* _What you have to do_: Return the lines of the listing below exactly as they appear, beginning at the one with "Luxusný obojstranný prehoz" and stopping after the one with "360° Duster Refills"; do not include pictures.

* _Information provided_:
++++++
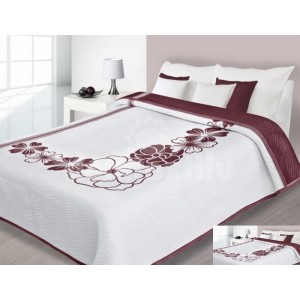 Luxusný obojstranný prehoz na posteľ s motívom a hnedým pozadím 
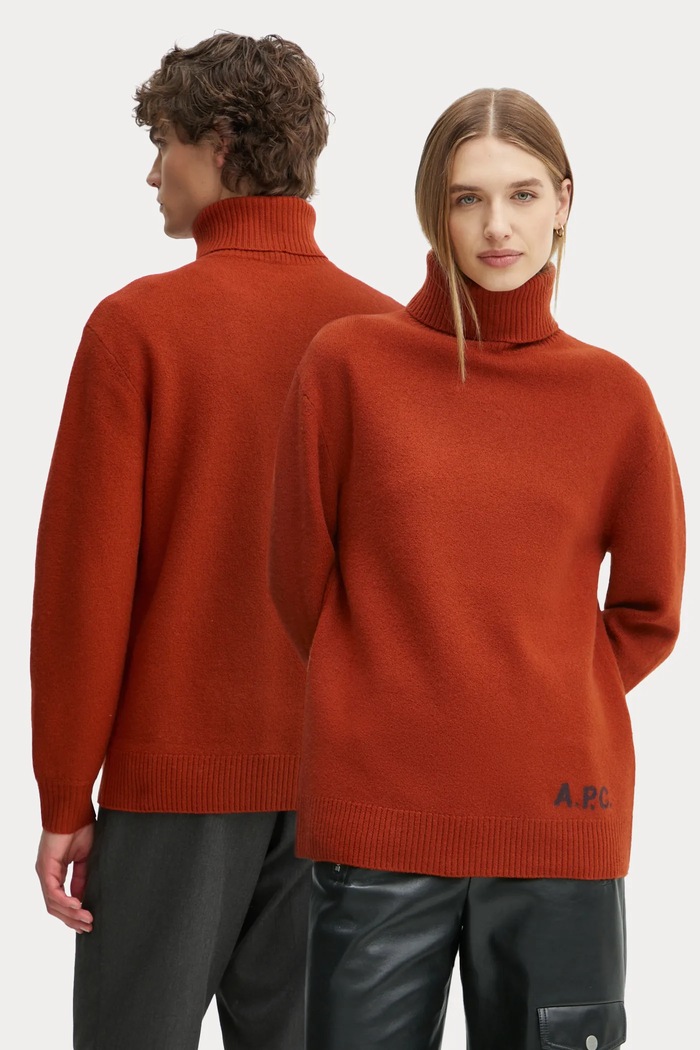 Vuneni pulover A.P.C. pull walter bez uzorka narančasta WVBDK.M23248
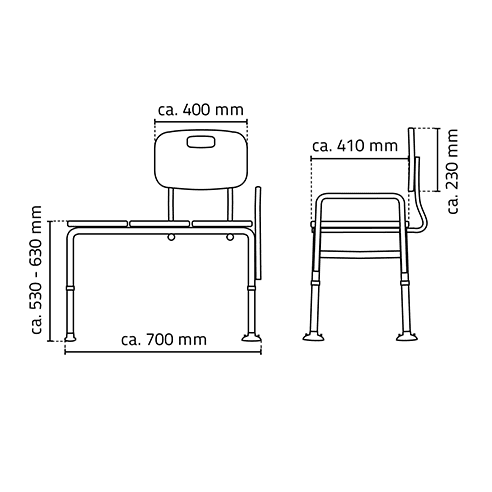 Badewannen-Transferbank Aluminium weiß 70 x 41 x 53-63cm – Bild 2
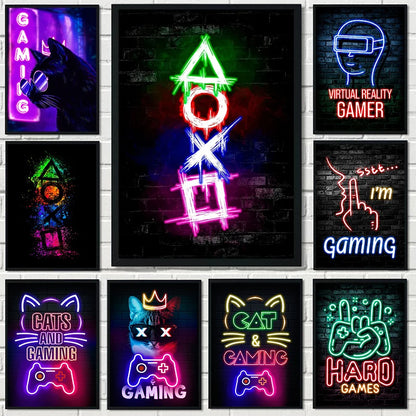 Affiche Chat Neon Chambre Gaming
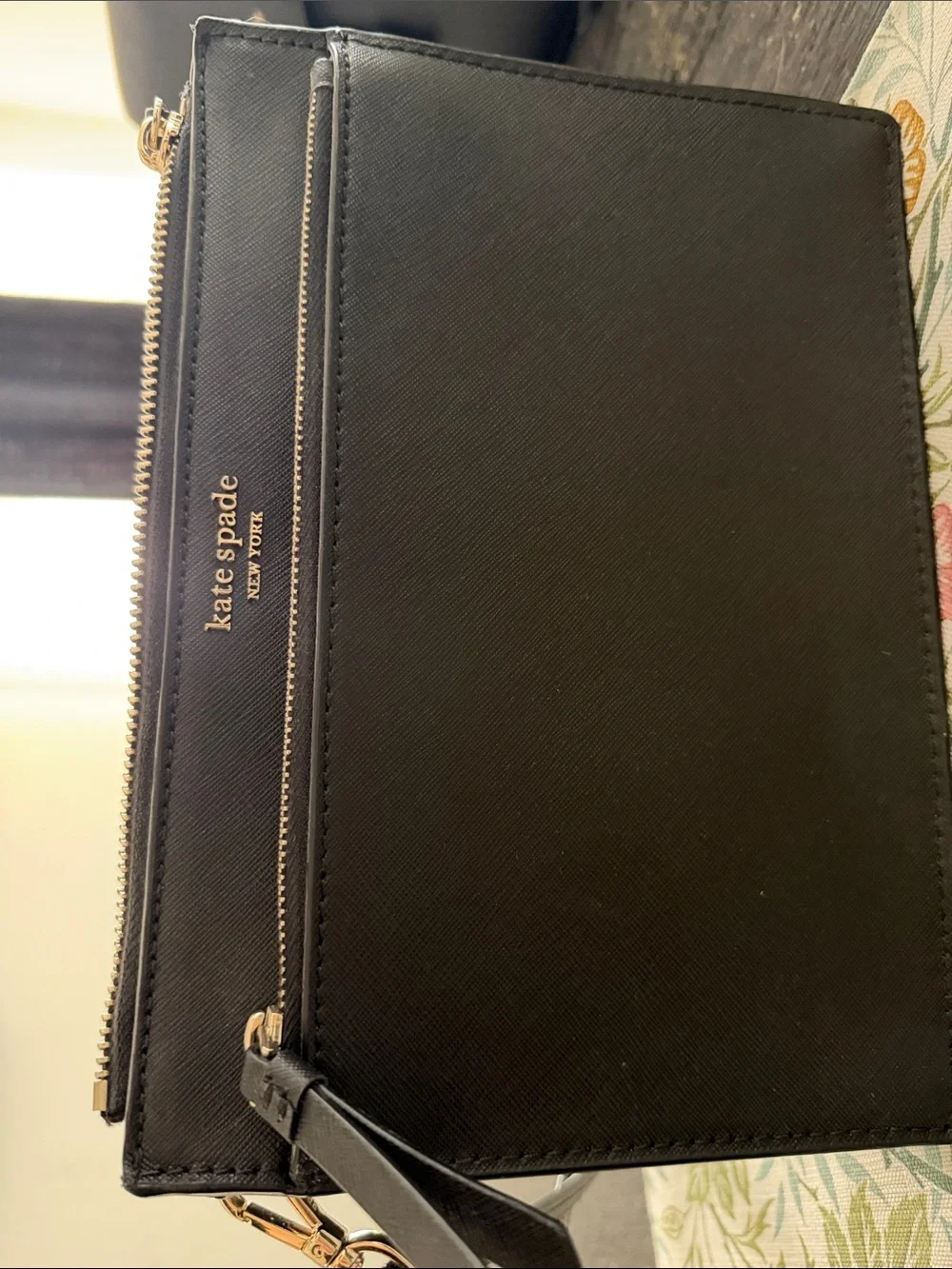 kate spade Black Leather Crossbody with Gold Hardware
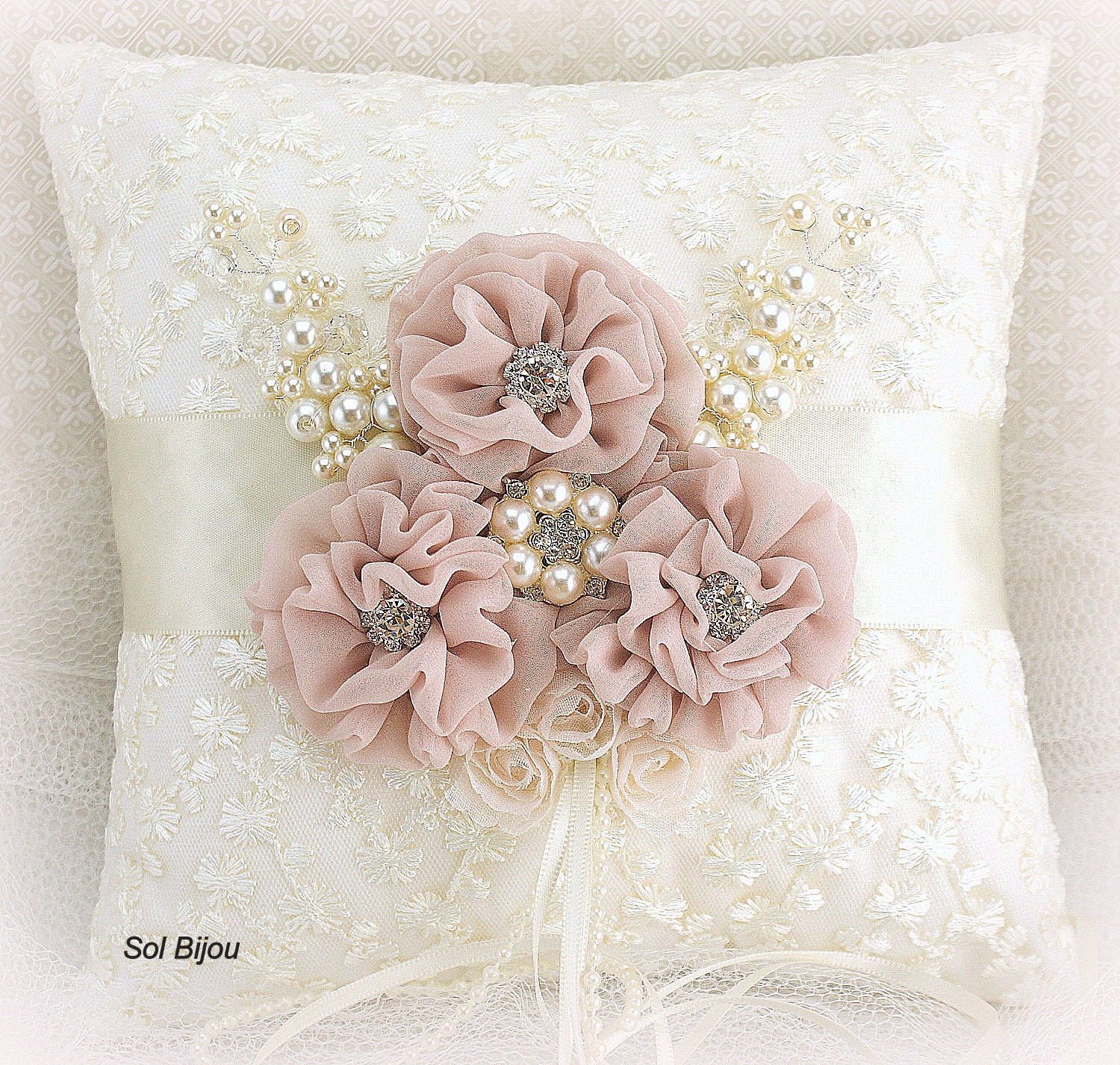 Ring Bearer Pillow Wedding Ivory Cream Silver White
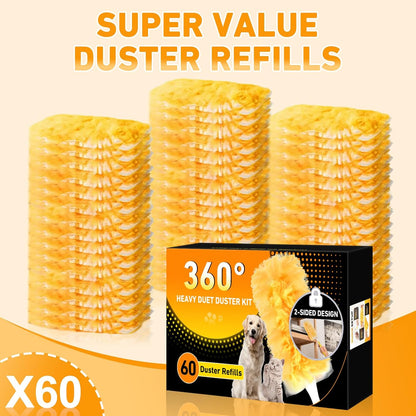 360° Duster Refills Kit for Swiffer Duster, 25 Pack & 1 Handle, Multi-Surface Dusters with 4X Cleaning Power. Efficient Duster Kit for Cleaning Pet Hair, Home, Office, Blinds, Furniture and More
++++++
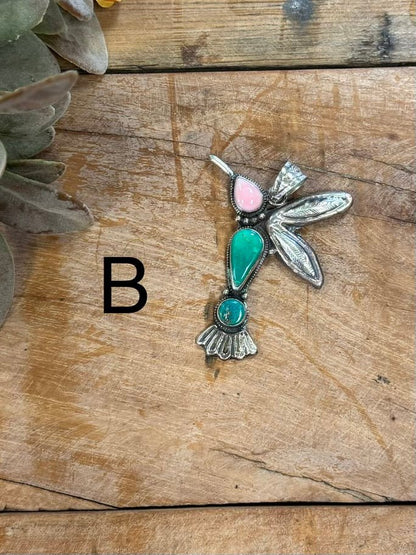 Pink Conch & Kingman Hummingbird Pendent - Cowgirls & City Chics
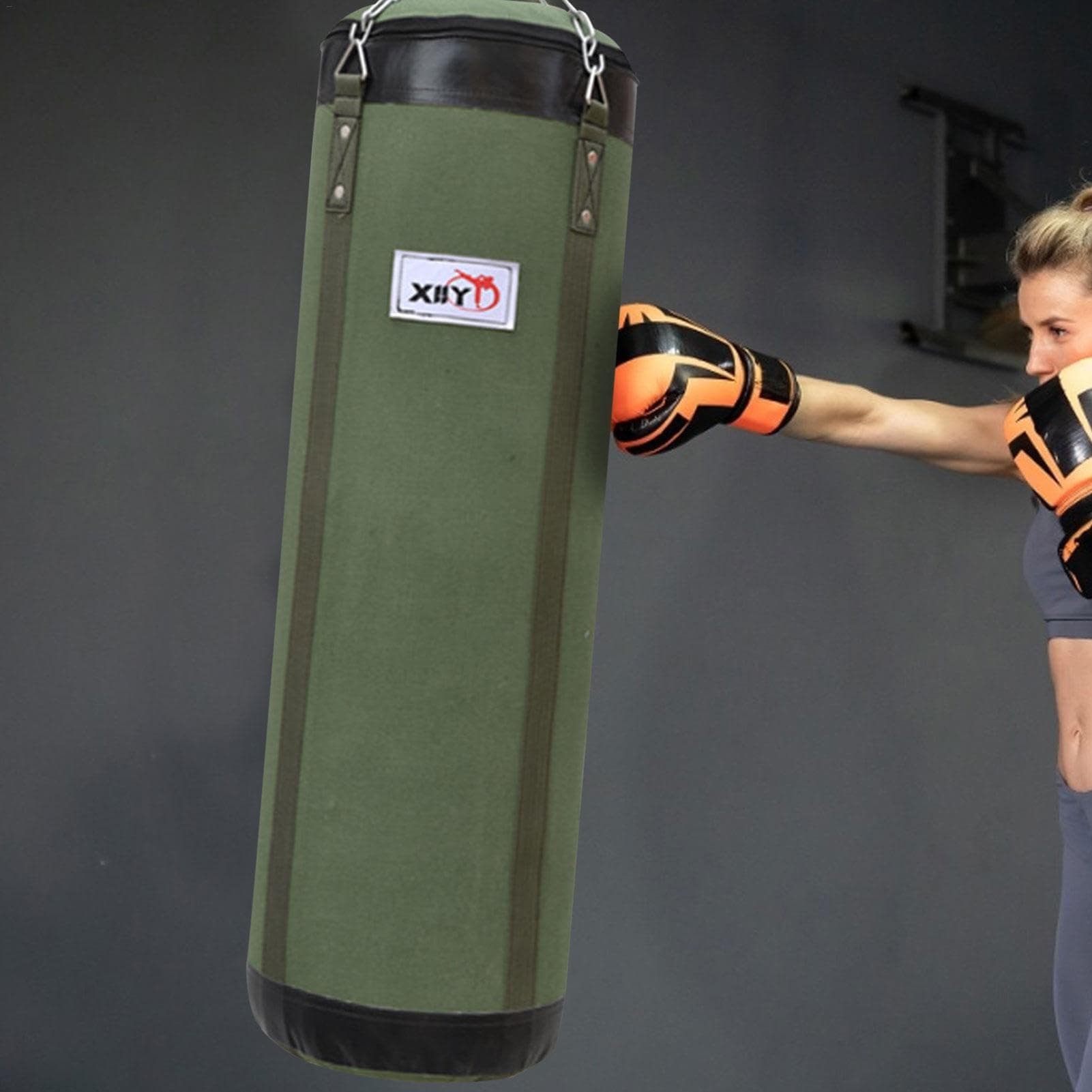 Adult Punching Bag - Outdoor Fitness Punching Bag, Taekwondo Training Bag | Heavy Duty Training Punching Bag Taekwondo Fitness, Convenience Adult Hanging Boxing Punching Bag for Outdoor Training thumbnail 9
++++++
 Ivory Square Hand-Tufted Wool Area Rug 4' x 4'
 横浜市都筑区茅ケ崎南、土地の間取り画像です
++++++
* _Answer to this problem_:
 Luxusný obojstranný prehoz na posteľ s motívom a hnedým pozadím 
 Vuneni pulover A.P.C. pull walter bez uzorka narančasta WVBDK.M23248
 Badewannen-Transferbank Aluminium weiß 70 x 41 x 53-63cm – Bild 2
 Affiche Chat Neon Chambre Gaming
 kate spade Black Leather Crossbody with Gold Hardware
 Ring Bearer Pillow Wedding Ivory Cream Silver White
 360° Duster Refills Kit for Swiffer Duster, 25 Pack & 1 Handle, Multi-Surface Dusters with 4X Cleaning Power. Efficient Duster Kit for Cleaning Pet Hair, Home, Office, Blinds, Furniture and More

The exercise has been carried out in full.